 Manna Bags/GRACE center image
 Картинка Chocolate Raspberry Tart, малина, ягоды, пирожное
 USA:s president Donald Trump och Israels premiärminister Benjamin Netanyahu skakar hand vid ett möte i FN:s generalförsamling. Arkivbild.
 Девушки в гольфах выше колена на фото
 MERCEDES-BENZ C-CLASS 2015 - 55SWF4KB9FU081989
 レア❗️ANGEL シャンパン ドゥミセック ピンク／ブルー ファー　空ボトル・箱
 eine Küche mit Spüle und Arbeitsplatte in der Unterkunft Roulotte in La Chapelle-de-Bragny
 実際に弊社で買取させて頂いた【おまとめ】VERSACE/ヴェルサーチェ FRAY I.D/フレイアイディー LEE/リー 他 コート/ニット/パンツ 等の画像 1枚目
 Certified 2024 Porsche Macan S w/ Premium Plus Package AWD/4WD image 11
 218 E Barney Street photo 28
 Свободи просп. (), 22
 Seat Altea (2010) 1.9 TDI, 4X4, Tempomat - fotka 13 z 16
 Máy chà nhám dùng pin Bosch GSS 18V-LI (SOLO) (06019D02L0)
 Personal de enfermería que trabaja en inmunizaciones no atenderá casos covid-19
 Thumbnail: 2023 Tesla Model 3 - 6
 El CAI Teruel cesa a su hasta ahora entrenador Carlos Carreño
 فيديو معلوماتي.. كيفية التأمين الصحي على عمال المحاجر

### YOUR TASK:
Quote only the lines from the line containing "Картинка Chocolate Raspberry" through the end of the listing, please, keeping both the first and the last line.

### WRITTEN ANSWER:
 Картинка Chocolate Raspberry Tart, малина, ягоды, пирожное
 USA:s president Donald Trump och Israels premiärminister Benjamin Netanyahu skakar hand vid ett möte i FN:s generalförsamling. Arkivbild.
 Девушки в гольфах выше колена на фото
 MERCEDES-BENZ C-CLASS 2015 - 55SWF4KB9FU081989
 レア❗️ANGEL シャンパン ドゥミセック ピンク／ブルー ファー　空ボトル・箱
 eine Küche mit Spüle und Arbeitsplatte in der Unterkunft Roulotte in La Chapelle-de-Bragny
 実際に弊社で買取させて頂いた【おまとめ】VERSACE/ヴェルサーチェ FRAY I.D/フレイアイディー LEE/リー 他 コート/ニット/パンツ 等の画像 1枚目
 Certified 2024 Porsche Macan S w/ Premium Plus Package AWD/4WD image 11
 218 E Barney Street photo 28
 Свободи просп. (), 22
 Seat Altea (2010) 1.9 TDI, 4X4, Tempomat - fotka 13 z 16
 Máy chà nhám dùng pin Bosch GSS 18V-LI (SOLO) (06019D02L0)
 Personal de enfermería que trabaja en inmunizaciones no atenderá casos covid-19
 Thumbnail: 2023 Tesla Model 3 - 6
 El CAI Teruel cesa a su hasta ahora entrenador Carlos Carreño
 فيديو معلوماتي.. كيفية التأمين الصحي على عمال المحاجر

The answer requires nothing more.